(Data entries)
......

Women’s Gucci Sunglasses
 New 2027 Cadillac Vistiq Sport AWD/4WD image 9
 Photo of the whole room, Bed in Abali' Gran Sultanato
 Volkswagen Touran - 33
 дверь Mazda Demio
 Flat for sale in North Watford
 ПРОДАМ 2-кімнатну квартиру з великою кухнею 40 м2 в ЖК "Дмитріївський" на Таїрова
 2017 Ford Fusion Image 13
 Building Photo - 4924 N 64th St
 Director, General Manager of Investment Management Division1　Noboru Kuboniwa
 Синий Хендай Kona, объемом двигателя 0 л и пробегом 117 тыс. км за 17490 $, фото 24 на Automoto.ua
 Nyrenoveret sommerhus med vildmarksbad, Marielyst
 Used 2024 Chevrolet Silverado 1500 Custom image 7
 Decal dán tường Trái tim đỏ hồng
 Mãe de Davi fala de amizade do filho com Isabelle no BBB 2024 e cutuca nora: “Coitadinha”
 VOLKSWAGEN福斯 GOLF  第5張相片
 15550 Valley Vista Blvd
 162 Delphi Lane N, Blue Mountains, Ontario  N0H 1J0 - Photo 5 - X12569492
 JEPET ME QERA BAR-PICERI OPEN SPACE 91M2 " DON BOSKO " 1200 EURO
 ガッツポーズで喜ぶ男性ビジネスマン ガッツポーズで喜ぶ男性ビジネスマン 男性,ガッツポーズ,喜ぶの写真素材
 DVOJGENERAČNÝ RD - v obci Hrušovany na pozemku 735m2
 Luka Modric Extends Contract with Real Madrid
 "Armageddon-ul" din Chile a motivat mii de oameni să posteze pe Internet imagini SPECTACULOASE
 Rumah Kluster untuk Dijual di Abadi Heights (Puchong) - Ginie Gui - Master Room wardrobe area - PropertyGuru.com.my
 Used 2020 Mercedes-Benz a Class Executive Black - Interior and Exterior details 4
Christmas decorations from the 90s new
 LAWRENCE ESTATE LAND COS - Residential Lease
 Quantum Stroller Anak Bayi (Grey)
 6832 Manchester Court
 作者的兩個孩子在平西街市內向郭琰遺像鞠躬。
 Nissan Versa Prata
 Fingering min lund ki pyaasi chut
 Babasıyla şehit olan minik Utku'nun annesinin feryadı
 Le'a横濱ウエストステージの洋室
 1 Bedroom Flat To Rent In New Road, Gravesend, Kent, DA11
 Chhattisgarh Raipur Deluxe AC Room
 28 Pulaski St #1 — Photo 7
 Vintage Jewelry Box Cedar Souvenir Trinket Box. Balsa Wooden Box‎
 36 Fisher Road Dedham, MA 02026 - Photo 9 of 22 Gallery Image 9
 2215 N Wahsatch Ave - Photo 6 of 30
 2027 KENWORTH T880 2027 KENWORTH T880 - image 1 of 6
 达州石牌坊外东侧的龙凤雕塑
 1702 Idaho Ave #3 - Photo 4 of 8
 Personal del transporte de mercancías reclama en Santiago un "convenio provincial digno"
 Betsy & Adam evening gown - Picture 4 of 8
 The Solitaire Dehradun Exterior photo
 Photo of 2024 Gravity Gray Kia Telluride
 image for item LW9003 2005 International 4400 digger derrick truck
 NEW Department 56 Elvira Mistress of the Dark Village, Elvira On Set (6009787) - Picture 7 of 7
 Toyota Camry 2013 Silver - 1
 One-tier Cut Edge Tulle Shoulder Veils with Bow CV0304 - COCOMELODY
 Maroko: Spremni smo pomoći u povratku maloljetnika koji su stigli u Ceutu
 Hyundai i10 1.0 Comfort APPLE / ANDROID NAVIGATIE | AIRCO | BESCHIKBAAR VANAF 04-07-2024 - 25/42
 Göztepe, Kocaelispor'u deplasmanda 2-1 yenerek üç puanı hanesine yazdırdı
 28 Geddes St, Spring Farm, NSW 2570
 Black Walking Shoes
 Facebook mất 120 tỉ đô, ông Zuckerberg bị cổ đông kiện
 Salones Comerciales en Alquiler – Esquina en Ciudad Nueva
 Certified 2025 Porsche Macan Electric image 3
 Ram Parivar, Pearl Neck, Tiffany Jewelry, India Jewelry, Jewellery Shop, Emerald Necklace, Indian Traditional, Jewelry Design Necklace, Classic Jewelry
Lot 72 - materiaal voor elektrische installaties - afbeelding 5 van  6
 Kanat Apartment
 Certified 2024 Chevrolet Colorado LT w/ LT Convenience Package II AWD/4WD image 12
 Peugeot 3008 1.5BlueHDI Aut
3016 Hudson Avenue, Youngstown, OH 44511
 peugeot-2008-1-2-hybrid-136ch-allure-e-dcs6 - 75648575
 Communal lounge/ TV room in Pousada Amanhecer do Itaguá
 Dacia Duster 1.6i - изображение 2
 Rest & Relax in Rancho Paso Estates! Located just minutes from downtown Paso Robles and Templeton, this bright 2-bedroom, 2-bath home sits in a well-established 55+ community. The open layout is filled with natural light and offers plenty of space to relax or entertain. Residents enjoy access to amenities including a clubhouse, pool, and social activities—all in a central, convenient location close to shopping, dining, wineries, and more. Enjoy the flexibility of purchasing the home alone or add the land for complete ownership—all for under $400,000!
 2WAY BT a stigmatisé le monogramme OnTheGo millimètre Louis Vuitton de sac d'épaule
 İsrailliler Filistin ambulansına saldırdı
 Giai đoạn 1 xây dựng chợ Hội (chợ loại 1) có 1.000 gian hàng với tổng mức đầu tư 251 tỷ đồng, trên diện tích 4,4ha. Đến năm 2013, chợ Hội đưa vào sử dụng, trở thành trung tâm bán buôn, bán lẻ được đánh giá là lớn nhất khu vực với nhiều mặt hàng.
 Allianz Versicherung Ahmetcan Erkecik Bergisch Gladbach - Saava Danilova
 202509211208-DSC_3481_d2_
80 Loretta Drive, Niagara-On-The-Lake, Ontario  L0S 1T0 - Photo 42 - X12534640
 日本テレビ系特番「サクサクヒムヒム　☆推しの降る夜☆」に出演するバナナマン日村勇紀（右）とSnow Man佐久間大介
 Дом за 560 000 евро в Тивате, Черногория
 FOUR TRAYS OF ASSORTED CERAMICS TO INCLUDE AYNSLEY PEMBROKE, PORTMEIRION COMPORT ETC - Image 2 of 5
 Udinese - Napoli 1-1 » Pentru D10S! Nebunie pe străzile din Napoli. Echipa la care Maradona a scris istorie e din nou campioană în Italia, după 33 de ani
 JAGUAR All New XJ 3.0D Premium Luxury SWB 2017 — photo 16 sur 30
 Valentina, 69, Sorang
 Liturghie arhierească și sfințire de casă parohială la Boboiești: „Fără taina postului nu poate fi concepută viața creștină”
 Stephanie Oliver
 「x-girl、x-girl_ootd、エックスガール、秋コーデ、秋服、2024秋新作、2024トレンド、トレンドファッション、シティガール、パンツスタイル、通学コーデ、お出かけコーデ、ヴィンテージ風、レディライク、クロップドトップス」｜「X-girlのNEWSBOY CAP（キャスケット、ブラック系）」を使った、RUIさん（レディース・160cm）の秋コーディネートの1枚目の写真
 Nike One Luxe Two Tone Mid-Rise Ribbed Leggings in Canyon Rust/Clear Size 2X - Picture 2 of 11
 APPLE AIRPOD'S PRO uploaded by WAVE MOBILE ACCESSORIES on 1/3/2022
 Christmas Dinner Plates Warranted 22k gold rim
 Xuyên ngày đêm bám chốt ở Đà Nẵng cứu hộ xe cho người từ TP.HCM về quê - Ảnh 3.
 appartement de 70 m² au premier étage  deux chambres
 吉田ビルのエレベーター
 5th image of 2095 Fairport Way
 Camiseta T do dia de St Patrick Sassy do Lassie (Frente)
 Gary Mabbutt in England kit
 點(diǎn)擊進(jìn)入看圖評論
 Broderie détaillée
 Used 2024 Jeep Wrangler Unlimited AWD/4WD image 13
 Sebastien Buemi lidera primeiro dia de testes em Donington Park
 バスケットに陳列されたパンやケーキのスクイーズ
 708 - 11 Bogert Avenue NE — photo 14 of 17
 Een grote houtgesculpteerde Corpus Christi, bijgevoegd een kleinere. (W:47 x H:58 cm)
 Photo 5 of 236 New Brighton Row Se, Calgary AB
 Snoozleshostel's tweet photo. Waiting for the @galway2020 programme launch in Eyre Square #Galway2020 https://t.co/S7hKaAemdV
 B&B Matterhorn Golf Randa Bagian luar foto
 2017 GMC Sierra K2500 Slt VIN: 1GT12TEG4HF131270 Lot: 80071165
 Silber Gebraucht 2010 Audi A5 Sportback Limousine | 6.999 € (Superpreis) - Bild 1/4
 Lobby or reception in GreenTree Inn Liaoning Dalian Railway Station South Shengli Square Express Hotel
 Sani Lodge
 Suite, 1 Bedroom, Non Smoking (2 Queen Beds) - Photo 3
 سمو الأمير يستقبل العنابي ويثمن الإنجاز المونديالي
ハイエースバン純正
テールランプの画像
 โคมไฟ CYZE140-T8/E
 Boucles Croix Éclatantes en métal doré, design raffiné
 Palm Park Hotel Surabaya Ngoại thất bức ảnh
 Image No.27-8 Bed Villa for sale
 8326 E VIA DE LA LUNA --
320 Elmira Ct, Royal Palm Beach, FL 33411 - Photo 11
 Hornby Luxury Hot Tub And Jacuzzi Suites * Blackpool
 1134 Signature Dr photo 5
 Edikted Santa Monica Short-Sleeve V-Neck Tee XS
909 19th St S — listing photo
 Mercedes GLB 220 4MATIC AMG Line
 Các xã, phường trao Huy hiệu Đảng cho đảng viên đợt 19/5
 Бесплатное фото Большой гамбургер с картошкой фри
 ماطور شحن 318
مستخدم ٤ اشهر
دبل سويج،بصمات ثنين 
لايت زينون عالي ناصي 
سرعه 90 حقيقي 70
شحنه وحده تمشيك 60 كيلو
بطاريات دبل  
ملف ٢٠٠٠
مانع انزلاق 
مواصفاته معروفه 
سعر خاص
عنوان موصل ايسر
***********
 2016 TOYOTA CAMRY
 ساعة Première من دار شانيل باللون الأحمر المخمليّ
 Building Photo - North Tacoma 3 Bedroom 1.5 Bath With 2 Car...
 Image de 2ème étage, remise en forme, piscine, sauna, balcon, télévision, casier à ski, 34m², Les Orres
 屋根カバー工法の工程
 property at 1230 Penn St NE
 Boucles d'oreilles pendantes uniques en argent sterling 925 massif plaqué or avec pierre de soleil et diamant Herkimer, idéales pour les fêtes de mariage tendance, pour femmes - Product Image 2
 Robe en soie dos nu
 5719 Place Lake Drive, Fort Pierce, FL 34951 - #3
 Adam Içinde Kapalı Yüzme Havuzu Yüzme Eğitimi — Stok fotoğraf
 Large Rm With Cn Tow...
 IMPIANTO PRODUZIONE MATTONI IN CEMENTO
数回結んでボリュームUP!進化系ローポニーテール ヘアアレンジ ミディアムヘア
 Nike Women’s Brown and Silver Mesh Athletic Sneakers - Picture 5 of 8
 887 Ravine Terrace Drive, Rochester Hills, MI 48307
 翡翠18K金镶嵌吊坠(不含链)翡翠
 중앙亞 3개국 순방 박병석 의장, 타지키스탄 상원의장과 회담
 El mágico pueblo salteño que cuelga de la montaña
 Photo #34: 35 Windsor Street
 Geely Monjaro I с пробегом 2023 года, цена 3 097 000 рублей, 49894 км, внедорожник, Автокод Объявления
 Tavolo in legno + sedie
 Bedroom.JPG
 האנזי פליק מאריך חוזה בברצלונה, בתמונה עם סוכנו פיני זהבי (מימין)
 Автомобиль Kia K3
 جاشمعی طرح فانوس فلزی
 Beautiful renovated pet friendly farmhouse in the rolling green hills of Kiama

......

INSTRUCTIONS TO FOLLOW: When the line with "Building Photo - 4924 N 64th St" is reached in the data above, start copying there, and copy each line exactly until the line with "1702 Idaho Ave #3 - Photo 4 of 8" has been copied; copy nothing else.

EXPECTED ANSWER:
 Building Photo - 4924 N 64th St
 Director, General Manager of Investment Management Division1　Noboru Kuboniwa
 Синий Хендай Kona, объемом двигателя 0 л и пробегом 117 тыс. км за 17490 $, фото 24 на Automoto.ua
 Nyrenoveret sommerhus med vildmarksbad, Marielyst
 Used 2024 Chevrolet Silverado 1500 Custom image 7
 Decal dán tường Trái tim đỏ hồng
 Mãe de Davi fala de amizade do filho com Isabelle no BBB 2024 e cutuca nora: “Coitadinha”
 VOLKSWAGEN福斯 GOLF  第5張相片
 15550 Valley Vista Blvd
 162 Delphi Lane N, Blue Mountains, Ontario  N0H 1J0 - Photo 5 - X12569492
 JEPET ME QERA BAR-PICERI OPEN SPACE 91M2 " DON BOSKO " 1200 EURO
 ガッツポーズで喜ぶ男性ビジネスマン ガッツポーズで喜ぶ男性ビジネスマン 男性,ガッツポーズ,喜ぶの写真素材
 DVOJGENERAČNÝ RD - v obci Hrušovany na pozemku 735m2
 Luka Modric Extends Contract with Real Madrid
 "Armageddon-ul" din Chile a motivat mii de oameni să posteze pe Internet imagini SPECTACULOASE
 Rumah Kluster untuk Dijual di Abadi Heights (Puchong) - Ginie Gui - Master Room wardrobe area - PropertyGuru.com.my
 Used 2020 Mercedes-Benz a Class Executive Black - Interior and Exterior details 4
Christmas decorations from the 90s new
 LAWRENCE ESTATE LAND COS - Residential Lease
 Quantum Stroller Anak Bayi (Grey)
 6832 Manchester Court
 作者的兩個孩子在平西街市內向郭琰遺像鞠躬。
 Nissan Versa Prata
 Fingering min lund ki pyaasi chut
 Babasıyla şehit olan minik Utku'nun annesinin feryadı
 Le'a横濱ウエストステージの洋室
 1 Bedroom Flat To Rent In New Road, Gravesend, Kent, DA11
 Chhattisgarh Raipur Deluxe AC Room
 28 Pulaski St #1 — Photo 7
 Vintage Jewelry Box Cedar Souvenir Trinket Box. Balsa Wooden Box‎
 36 Fisher Road Dedham, MA 02026 - Photo 9 of 22 Gallery Image 9
 2215 N Wahsatch Ave - Photo 6 of 30
 2027 KENWORTH T880 2027 KENWORTH T880 - image 1 of 6
 达州石牌坊外东侧的龙凤雕塑
 1702 Idaho Ave #3 - Photo 4 of 8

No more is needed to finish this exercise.